We’re back with another exclusive Q&A, part of our Behind the Shell series! We sat down with Mikros Animation‘s VFX Supervisor, Matthieu Rouxel on all things Teenage Mutant Ninja Turtles: Mutant Mayhem. Keep reading to find out more about Matthieu and his work on the project 👇
Q: Hi Matthieu, can you tell us about your career journey into Mikros Animation?
A: I started at Mikros in 2016 as Lighting and Compositing Supervisor on Captain Underpants.

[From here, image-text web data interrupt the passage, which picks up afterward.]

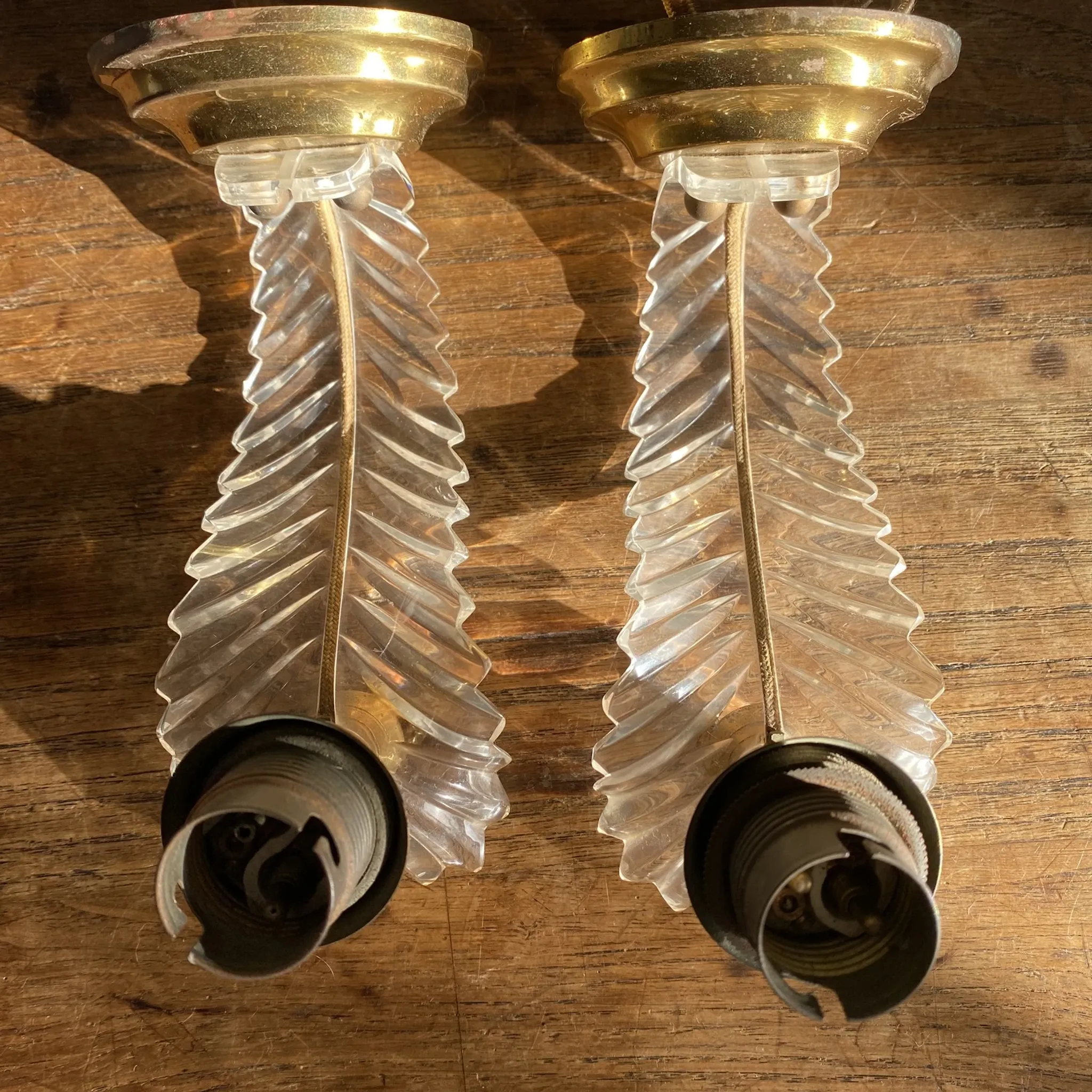 Vintage plexiglass wall lights in Hollywood Regency style from the 1960s.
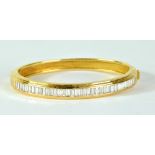 BOODLES; an 18ct yellow gold and diamond set hinged bangle,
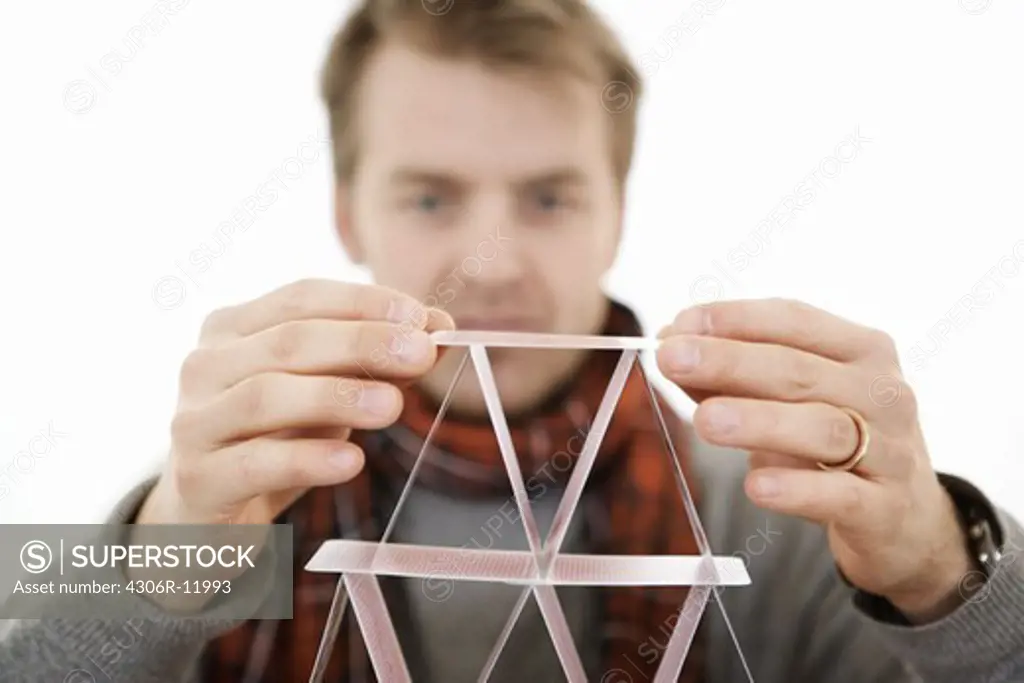 Man building a house of cards.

It was a very exciting and fun project for Dreamworks from which I learnt a lot for my first time in this position -especially in creating a good relationship with an Art Director.
I then navigated from one project to another with different budget sizes.

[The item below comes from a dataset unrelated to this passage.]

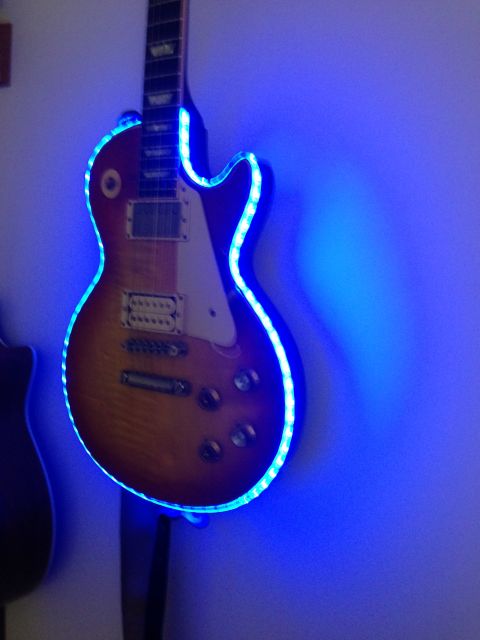 1989 Mazda MX-6 - An electric guitar with blue LED lights is mounted on a wall.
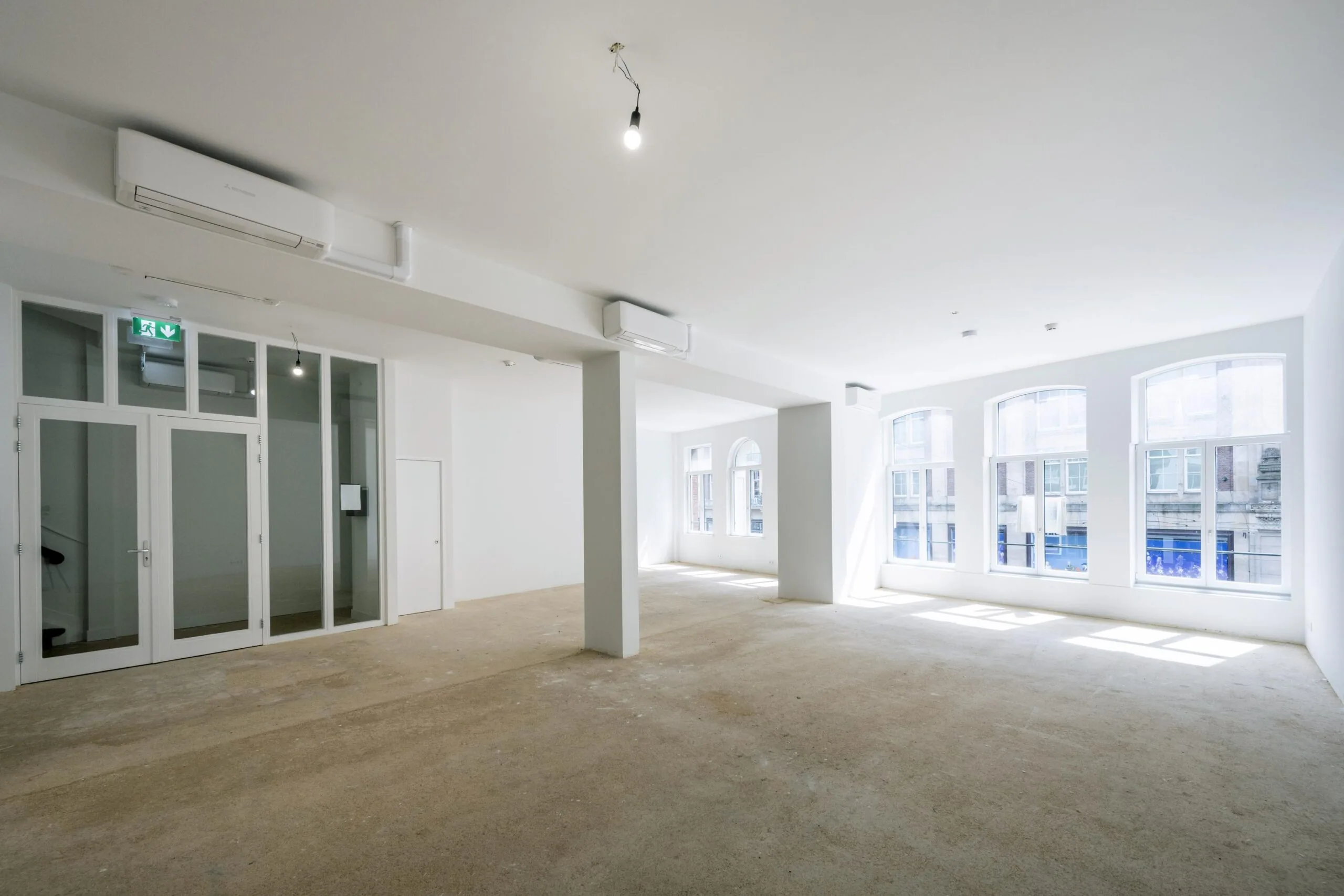 Licht en leeg commercieel interieur aan het Damrak met grote ramen en witte muren.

I moved to a CG Sup Image position on Sponge Bob; another project with very ambitious artistic and technical ambition on which I could extend my skills in more upstream departments.
Some of the reasons I keep working with Mikros Animation are the variety of projects and their quality and the creative spirit of the studio that is driven by the artistic aspect, no matter what the challenge is.

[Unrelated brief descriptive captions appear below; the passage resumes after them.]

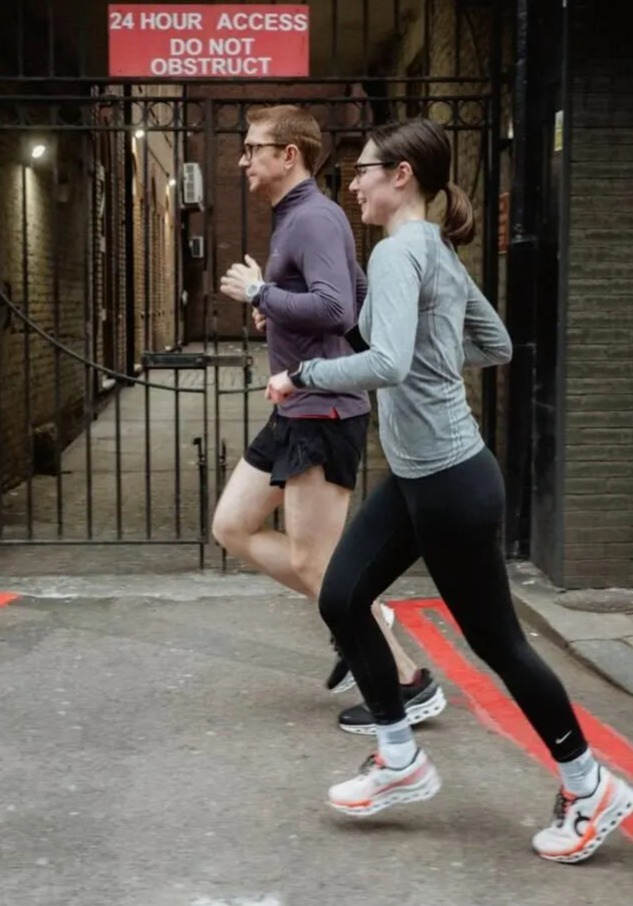 two people are running in front of a sign that says 24 hour access do not obstruct
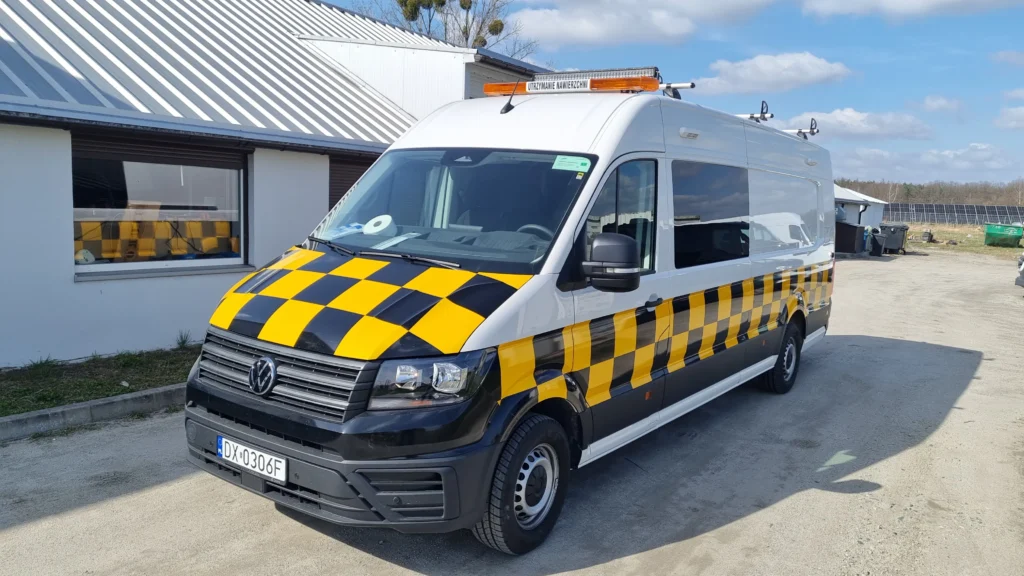 Biały Volkswagen Crafter z żółto-czarną szachownicą ostrzegawczą oraz belką świetlną z napisem Utrzymanie Nawierzchni zaparkowany przy budynku.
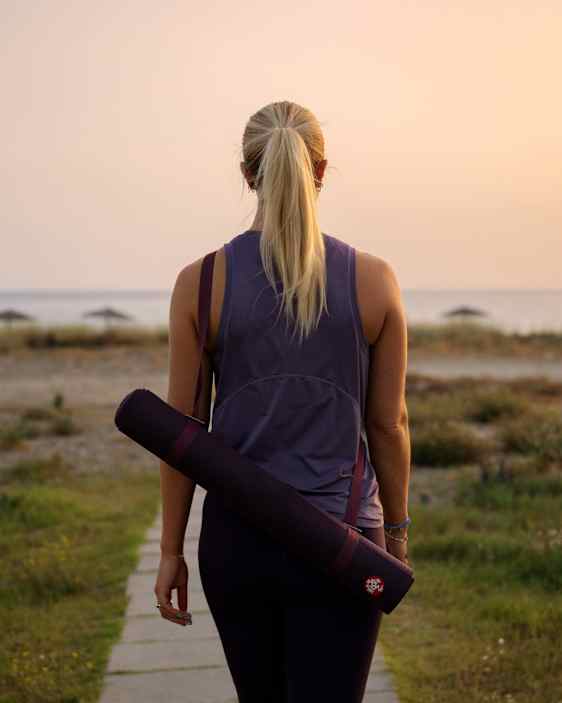 Nainen selin kameraa kävelemässä kohti rantaa joogamatto selässään auringon laskiessa.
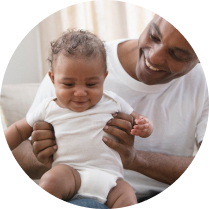 happy baby with father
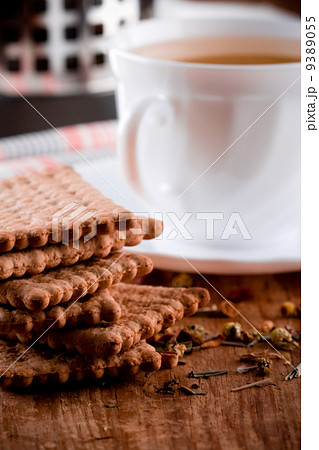 cup of herbal tea and some fresh cookies 9389055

Q: What was your first reaction after learning you’d be working on the Animation for Teenage Mutant Ninja Turtles: Mutant Mayhem?
I would have never imagined having a first experience as a VFX supervisor on such a major franchise and with such talented creatives.
It was scary in a way, but the challenge and the opportunity were impossible to refuse. Absolutely no regrets today.
Q: Describe the project in 3 words
A: Challenging, unseen, fun.
Q: What does your role as a VFX Supervisor look like on the Teenage Mutant Ninja Turtles: Mutant Mayhem project?
A: Overseeing the production of the picture. I interacted with the Director and the Production Designer to understand fully their vision of the movie.
I worked closely with all the departments to make sure we were doing everything necessary to get the expected result.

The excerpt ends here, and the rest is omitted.